The Housing Bubble - For the Record

10-13-2013 Update:

 This is actually a bit old now but he’s calling it like I see it. - Darren

Nice summary, and I agree with it as far as it goes.

The question now is, how are all these investors going to have time to drive around and enjoy their new homes?

The reality is, these “properties” have simply moved from one set of file cabinets to another.  Sure a few of the small local investors have rehabbed and flipped or rented, but the bulk remain empty.  So the question not asked (nor answered) by that post is, where do the butts come from that will sit in those approximately five million houses?  I’ve got one freshly painted and yet setting empty for the last year right next door – no sale, no tenant.

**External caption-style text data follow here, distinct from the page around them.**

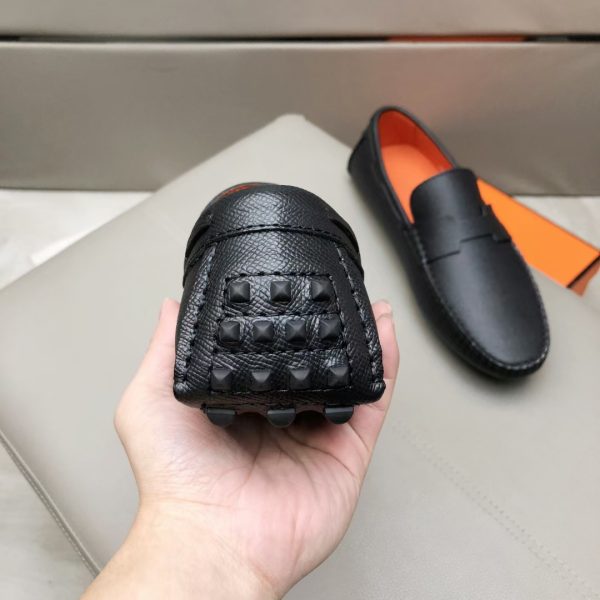 Hermès, đậu, giày, da, bò màu cam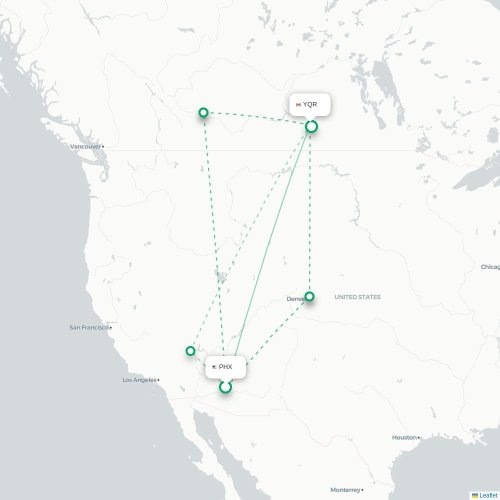 Mapa lotu bezpośredniego Phoenix – Regina
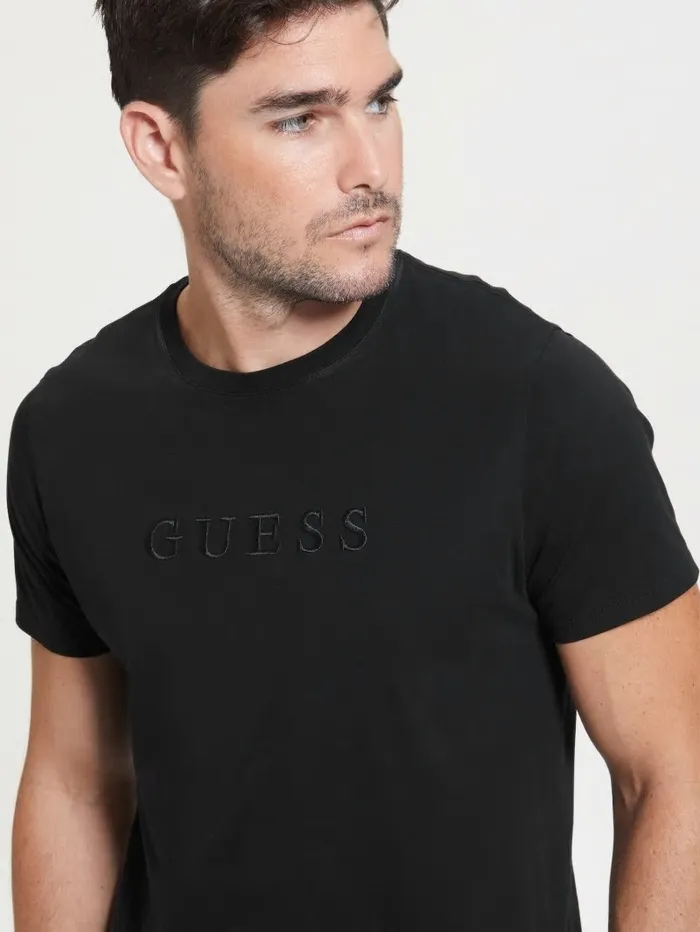 TShirts and Tanks GUESS Men Embroidered Logo Tee Black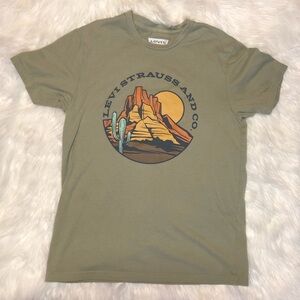 Men's Levi’s Strauss & Co Western Desert Graphic Tee Green Tea Leaf Size Medium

This “housing recovery” is simply the “ringing” caused by investors I’ve talked about before.  This too shall pass, and I fear in the process find a new bottom for the housing market sometime in the next 36 months.

First posted 06-17-06:

Those who know me, know I've been talking about the housing bubble for the last couple of years. I've done everything except beg some of my friends to sell their homes so they'd be sitting on a profit when this thing pops. I'm afraid I've been a bit of a pest.

It's impossible to call the top of a market, let alone a bubble. No matter. I've been calling the top of this one for the last two years and now it's finally happening. So I think it's time to document my predictions, before history starts to be rewritten. It's time to go on the record.

My anti-home ownership campaign started with a bit of sticker shock. I've owned one home after another since I was 21. Well, at least until I got divorced in 2003. Since then I've been
renting - here's why.

When I went to buy a new house, I couldn't believe how much prices had run up. And it just kept getting worse. The longer I waited, the crazier it got. If I'd known how stupid this market was going to get, I would have flipped a couple myself while I was waiting. Hindsight is 20/20. Like I said, you can't predict market timing, so I didn't. I sat it out.

I've sat out every bubble I've ever discovered. I sat out gold in the 80s. I sat out the internet in the 90s (even while working in the middle of the tech world). And I've had my ass firmly planted in a rental for the last three years - tax advantage be damned! I just can't help it. The prices never make sense.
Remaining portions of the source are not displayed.